Ekonomi uzmanı veya evinin ekonomisini planlayan herkes geçen hafta Erdoğan konuştukça yükselen döviz kurunu izledi. Döviz yükselince tabi ki yurt dışından mal alanların işi çıkmaza girdi. Bu da ithalatı yoğun olan memleketimizde bu kadar kısa bir zamanda ciddi zararlar anlamına geliyor. Erdoğan Merkez Bankası'na, başkanına faizi düşürün diye kükredi döviz fırladı. Ekonomi Bakanı ile Maliye Bakanı kavgalı hale geldi döviz fırladı.
Dövizin fırlamasında AKP’nin hükümet olarak aralarında çatışmasının payı büyüktür. Bu çatışmaların da çoğalacağı açıktır. Ama şunu eklemek lazım dökülen ekonomi çok gerilerden ve derinden gelen kanser türünde bir hastalığın sonucudur. Böyle ekonomiye böyle sonuç olacaktı ve oldu. Ve elbette dünya ekonomisinin krize yaklaşan durumu ile de ilgilidir. Dünyadan da kriz açıklamaları geliyor. Amerikan Merkez Bankası (FED) Başkanı açıkça “yeni bir finansal krizi engelleyemeyiz” diye itiraf ediyor.

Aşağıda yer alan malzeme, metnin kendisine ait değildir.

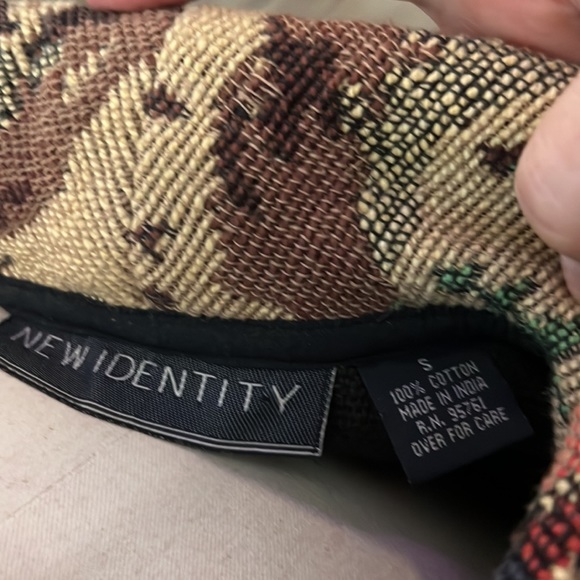 New Identity Women’s Tapestry Jacket. - Picture 9 of 11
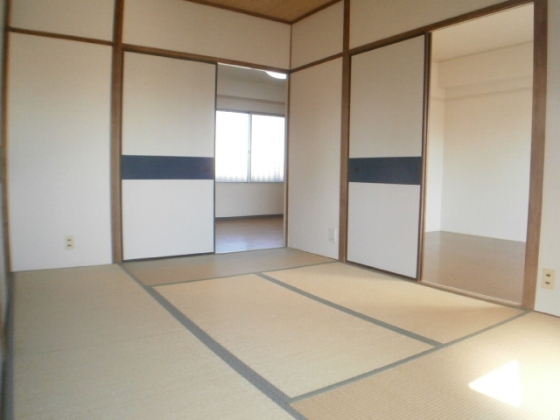 小林マンションの居間写真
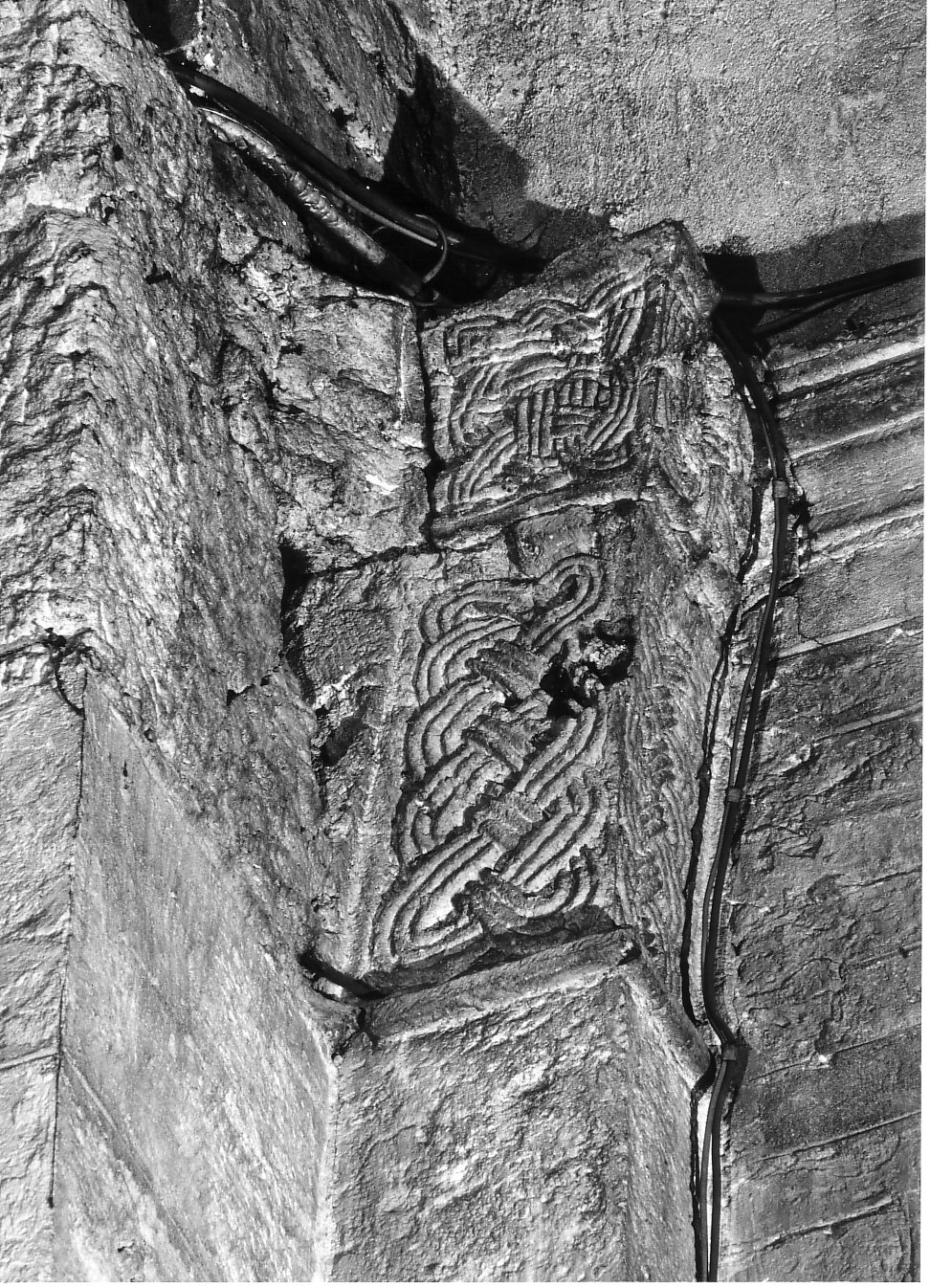 capitello di semipilastro, opera isolata - bottega lombarda (fine/inizio secc. XI/ XII)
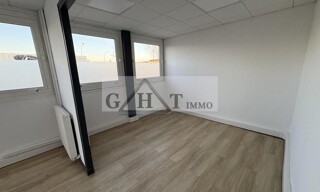 Bureau  300 m² à louer à Vaux-le-Pénil (77000)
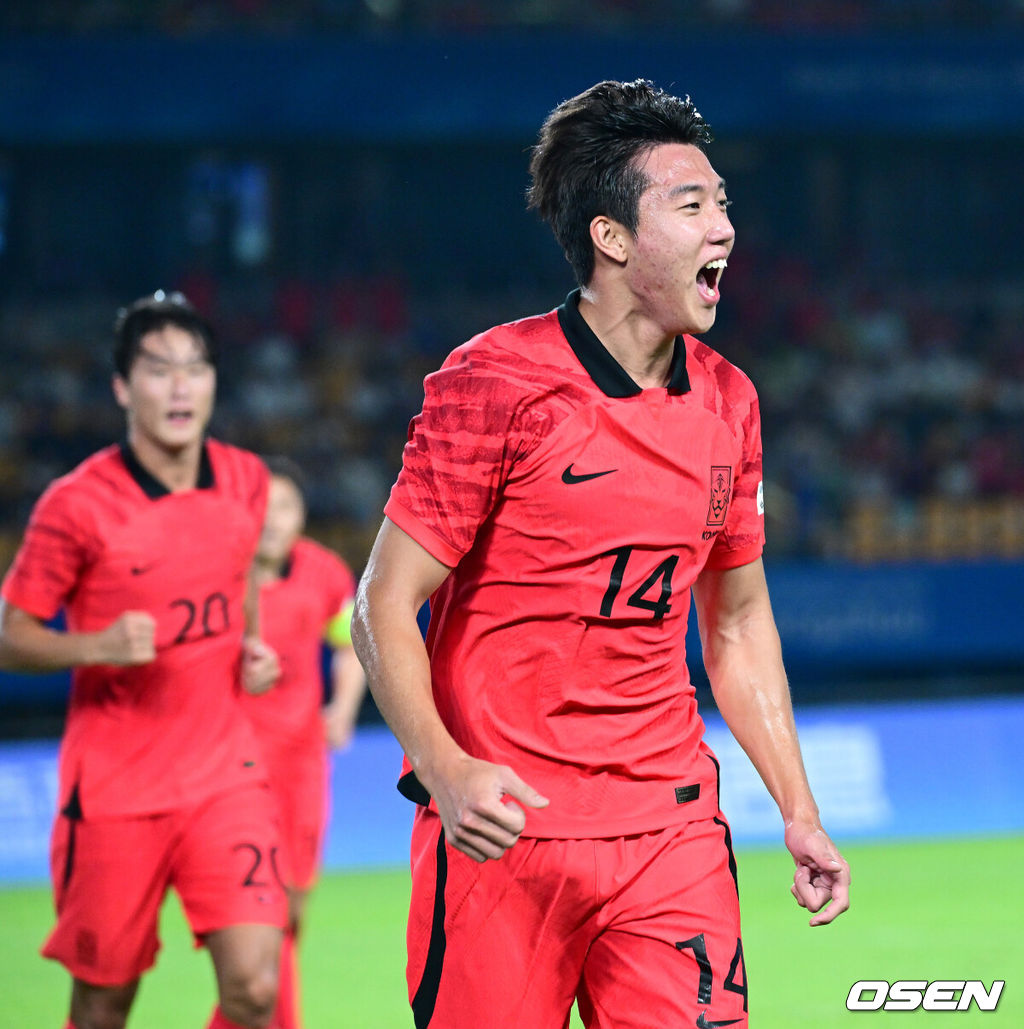 24일 오후(한국시간) 중국 진화 스타디움에서 '제19회 항저우아시아게임' 남자축구 조별리그 E조 3차전 대한민국과 바레인의 경기가 열렸다후반 한국 이한범이 선제골을 작렬시킨 뒤 기뻐하고 있다. 2023.09.24 / dreamer@osen.co.kr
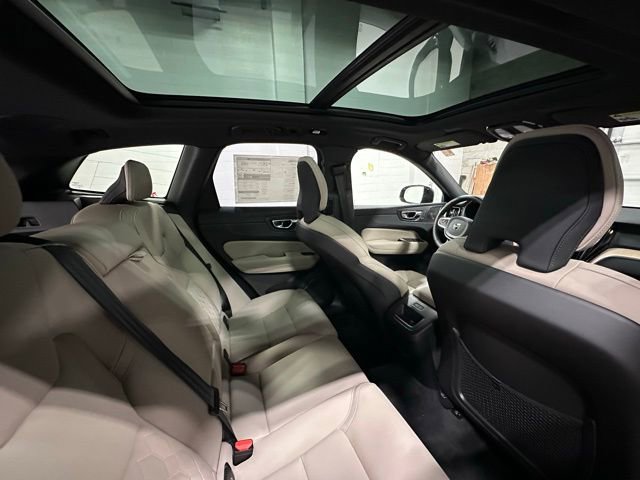 New 2026 Volvo XC60 B5 Plus w/ Protection Package Premier AWD/4WD image 15
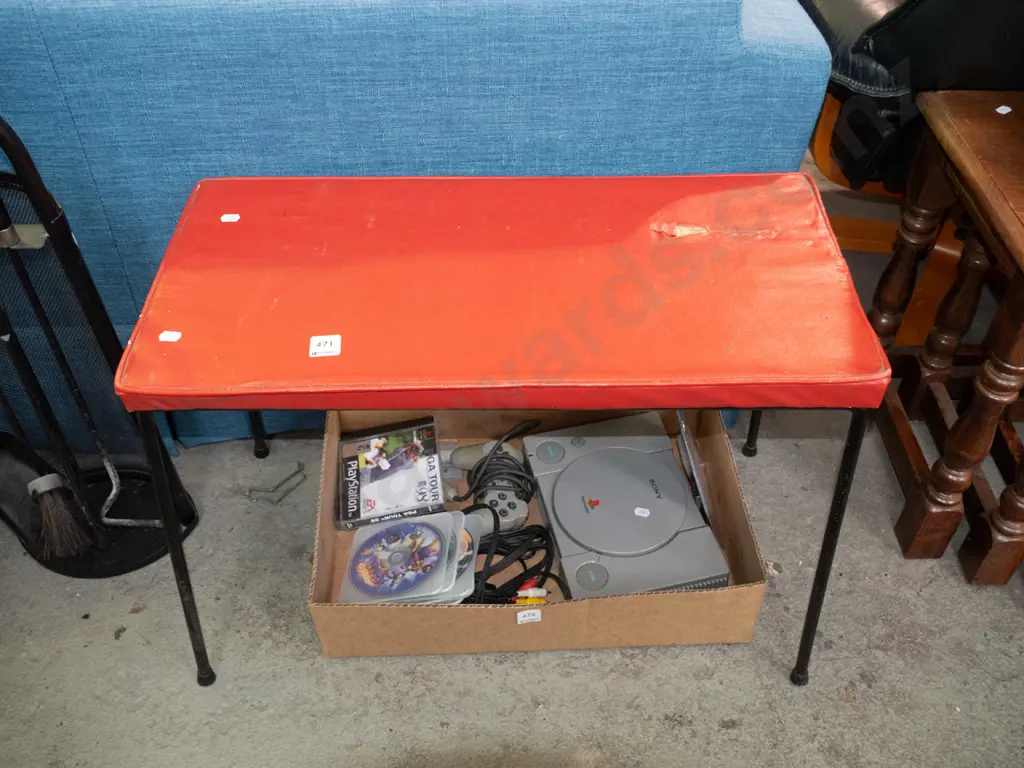 restorer's retro vinyl stool Image 1++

Erdoğan’ın “dünya kötüyken biz iyiyiz” lafı da ancak bir siyasi hiciv malzemesidir. Şimdi etrafındaki ekonomi danışmanı diye gezen zevat doların yükselmesinin tadına doyulamayacak bir şey olduğunu anlatmaya çalışıyor. Aman efendim “asıl ihracattan ilerlenmeliymiş ithalat da neymiş ki” diye devam ediyorlar, ………… ordusu diyeyim siz boşluğu istediniz şekilde doldurun.
Bu sürecin ardından kaçınılmaz olan kriz ve işsizliği halkın cebinden nasıl karşılayacaklarını planlayacaklar. Kaç kişiyi işten çıkaracaklarını planlayacaklar. Memurlardan ve emeklilerden ne kadar keseceklerini planlayacaklar. Tabi ki toplum da sokağa çıkacak. Ama bunların kafa şöyle işliyor “bu batmanın çıkması da var kardeşim her şey Gezi Direnişi’ndeki faiz lobisi yüzünden oldu. Bir Gezi’ye daha izin vermeyiz. Bu yüzden polisimiz sokakta daha büyük destanlar yazacaktır. Zaten ekonomi de neymiş asıl olan bizim inşaatlar…” şeklinde devam edecek bir felakete kararlılar.
Yine de AKP %50 mi? O iş biraz zor. Her gün milyonlarca insan ekmek almak için elini cebine atıyor, birkaç öğün sofralarına oturuyor. Elektrik faturaları el yakan, dövizi durmadan fırlayan, fiyatı fırlayan mandalinayı almak için kırk kere düşündürten ekonomiye halkımızın bir cevabı olacaktır elbet.